**WHAT THE TASK REQUIRES**:
Print the material underneath in full, keeping every line exactly as it is.

**RECORDS**:
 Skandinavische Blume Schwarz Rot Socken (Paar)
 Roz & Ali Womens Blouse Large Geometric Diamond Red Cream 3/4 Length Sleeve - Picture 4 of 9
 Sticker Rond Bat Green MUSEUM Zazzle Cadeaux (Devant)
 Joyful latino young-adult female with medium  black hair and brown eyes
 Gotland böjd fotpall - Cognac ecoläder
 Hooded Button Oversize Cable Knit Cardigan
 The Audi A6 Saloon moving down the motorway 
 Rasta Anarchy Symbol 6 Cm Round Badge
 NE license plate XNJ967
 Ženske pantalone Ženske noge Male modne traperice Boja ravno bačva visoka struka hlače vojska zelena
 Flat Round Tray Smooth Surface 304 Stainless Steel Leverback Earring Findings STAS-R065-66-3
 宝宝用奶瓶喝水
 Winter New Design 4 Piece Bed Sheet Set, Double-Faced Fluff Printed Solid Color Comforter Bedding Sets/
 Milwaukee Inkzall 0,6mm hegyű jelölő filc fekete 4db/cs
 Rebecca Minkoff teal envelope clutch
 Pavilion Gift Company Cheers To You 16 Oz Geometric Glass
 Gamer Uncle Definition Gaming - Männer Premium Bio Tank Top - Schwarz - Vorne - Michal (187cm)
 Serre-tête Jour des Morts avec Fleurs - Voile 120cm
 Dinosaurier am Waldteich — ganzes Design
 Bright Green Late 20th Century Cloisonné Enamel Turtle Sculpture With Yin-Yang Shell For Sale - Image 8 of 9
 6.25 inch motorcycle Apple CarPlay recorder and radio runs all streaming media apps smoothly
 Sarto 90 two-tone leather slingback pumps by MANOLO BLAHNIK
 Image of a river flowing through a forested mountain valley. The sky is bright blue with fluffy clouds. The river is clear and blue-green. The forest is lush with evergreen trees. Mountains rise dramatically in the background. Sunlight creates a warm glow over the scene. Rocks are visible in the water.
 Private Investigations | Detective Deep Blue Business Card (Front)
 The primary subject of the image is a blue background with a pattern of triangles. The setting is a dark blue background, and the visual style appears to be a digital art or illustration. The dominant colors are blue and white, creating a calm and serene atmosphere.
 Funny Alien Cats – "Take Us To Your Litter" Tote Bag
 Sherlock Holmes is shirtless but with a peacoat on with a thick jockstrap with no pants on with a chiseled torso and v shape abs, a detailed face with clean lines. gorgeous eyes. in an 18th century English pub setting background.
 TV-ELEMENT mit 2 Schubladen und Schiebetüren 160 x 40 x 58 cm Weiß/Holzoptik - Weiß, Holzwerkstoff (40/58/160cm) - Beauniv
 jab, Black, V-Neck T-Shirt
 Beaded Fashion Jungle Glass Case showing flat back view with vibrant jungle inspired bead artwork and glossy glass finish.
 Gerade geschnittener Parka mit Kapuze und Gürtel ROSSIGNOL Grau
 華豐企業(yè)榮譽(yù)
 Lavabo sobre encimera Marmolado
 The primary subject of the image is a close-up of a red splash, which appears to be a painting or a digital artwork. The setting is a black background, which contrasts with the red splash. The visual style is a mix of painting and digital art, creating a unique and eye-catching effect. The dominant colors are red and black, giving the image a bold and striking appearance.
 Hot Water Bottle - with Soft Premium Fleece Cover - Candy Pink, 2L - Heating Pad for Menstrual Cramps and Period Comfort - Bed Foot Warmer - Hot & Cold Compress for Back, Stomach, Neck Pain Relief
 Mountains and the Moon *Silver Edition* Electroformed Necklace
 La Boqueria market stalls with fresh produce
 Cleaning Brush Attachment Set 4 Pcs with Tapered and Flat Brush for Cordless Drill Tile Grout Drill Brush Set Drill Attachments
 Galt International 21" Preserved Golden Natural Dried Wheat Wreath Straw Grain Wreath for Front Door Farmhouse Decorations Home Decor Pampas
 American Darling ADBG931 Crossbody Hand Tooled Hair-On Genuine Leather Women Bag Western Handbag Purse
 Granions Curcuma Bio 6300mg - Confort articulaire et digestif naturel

**RESULT OF THE TASK**:
 Skandinavische Blume Schwarz Rot Socken (Paar)
 Roz & Ali Womens Blouse Large Geometric Diamond Red Cream 3/4 Length Sleeve - Picture 4 of 9
 Sticker Rond Bat Green MUSEUM Zazzle Cadeaux (Devant)
 Joyful latino young-adult female with medium  black hair and brown eyes
 Gotland böjd fotpall - Cognac ecoläder
 Hooded Button Oversize Cable Knit Cardigan
 The Audi A6 Saloon moving down the motorway 
 Rasta Anarchy Symbol 6 Cm Round Badge
 NE license plate XNJ967
 Ženske pantalone Ženske noge Male modne traperice Boja ravno bačva visoka struka hlače vojska zelena
 Flat Round Tray Smooth Surface 304 Stainless Steel Leverback Earring Findings STAS-R065-66-3
 宝宝用奶瓶喝水
 Winter New Design 4 Piece Bed Sheet Set, Double-Faced Fluff Printed Solid Color Comforter Bedding Sets/
 Milwaukee Inkzall 0,6mm hegyű jelölő filc fekete 4db/cs
 Rebecca Minkoff teal envelope clutch
 Pavilion Gift Company Cheers To You 16 Oz Geometric Glass
 Gamer Uncle Definition Gaming - Männer Premium Bio Tank Top - Schwarz - Vorne - Michal (187cm)
 Serre-tête Jour des Morts avec Fleurs - Voile 120cm
 Dinosaurier am Waldteich — ganzes Design
 Bright Green Late 20th Century Cloisonné Enamel Turtle Sculpture With Yin-Yang Shell For Sale - Image 8 of 9
 6.25 inch motorcycle Apple CarPlay recorder and radio runs all streaming media apps smoothly
 Sarto 90 two-tone leather slingback pumps by MANOLO BLAHNIK
 Image of a river flowing through a forested mountain valley. The sky is bright blue with fluffy clouds. The river is clear and blue-green. The forest is lush with evergreen trees. Mountains rise dramatically in the background. Sunlight creates a warm glow over the scene. Rocks are visible in the water.
 Private Investigations | Detective Deep Blue Business Card (Front)
 The primary subject of the image is a blue background with a pattern of triangles. The setting is a dark blue background, and the visual style appears to be a digital art or illustration. The dominant colors are blue and white, creating a calm and serene atmosphere.
 Funny Alien Cats – "Take Us To Your Litter" Tote Bag
 Sherlock Holmes is shirtless but with a peacoat on with a thick jockstrap with no pants on with a chiseled torso and v shape abs, a detailed face with clean lines. gorgeous eyes. in an 18th century English pub setting background.
 TV-ELEMENT mit 2 Schubladen und Schiebetüren 160 x 40 x 58 cm Weiß/Holzoptik - Weiß, Holzwerkstoff (40/58/160cm) - Beauniv
 jab, Black, V-Neck T-Shirt
 Beaded Fashion Jungle Glass Case showing flat back view with vibrant jungle inspired bead artwork and glossy glass finish.
 Gerade geschnittener Parka mit Kapuze und Gürtel ROSSIGNOL Grau
 華豐企業(yè)榮譽(yù)
 Lavabo sobre encimera Marmolado
 The primary subject of the image is a close-up of a red splash, which appears to be a painting or a digital artwork. The setting is a black background, which contrasts with the red splash. The visual style is a mix of painting and digital art, creating a unique and eye-catching effect. The dominant colors are red and black, giving the image a bold and striking appearance.
 Hot Water Bottle - with Soft Premium Fleece Cover - Candy Pink, 2L - Heating Pad for Menstrual Cramps and Period Comfort - Bed Foot Warmer - Hot & Cold Compress for Back, Stomach, Neck Pain Relief
 Mountains and the Moon *Silver Edition* Electroformed Necklace
 La Boqueria market stalls with fresh produce
 Cleaning Brush Attachment Set 4 Pcs with Tapered and Flat Brush for Cordless Drill Tile Grout Drill Brush Set Drill Attachments
 Galt International 21" Preserved Golden Natural Dried Wheat Wreath Straw Grain Wreath for Front Door Farmhouse Decorations Home Decor Pampas
 American Darling ADBG931 Crossbody Hand Tooled Hair-On Genuine Leather Women Bag Western Handbag Purse
 Granions Curcuma Bio 6300mg - Confort articulaire et digestif naturel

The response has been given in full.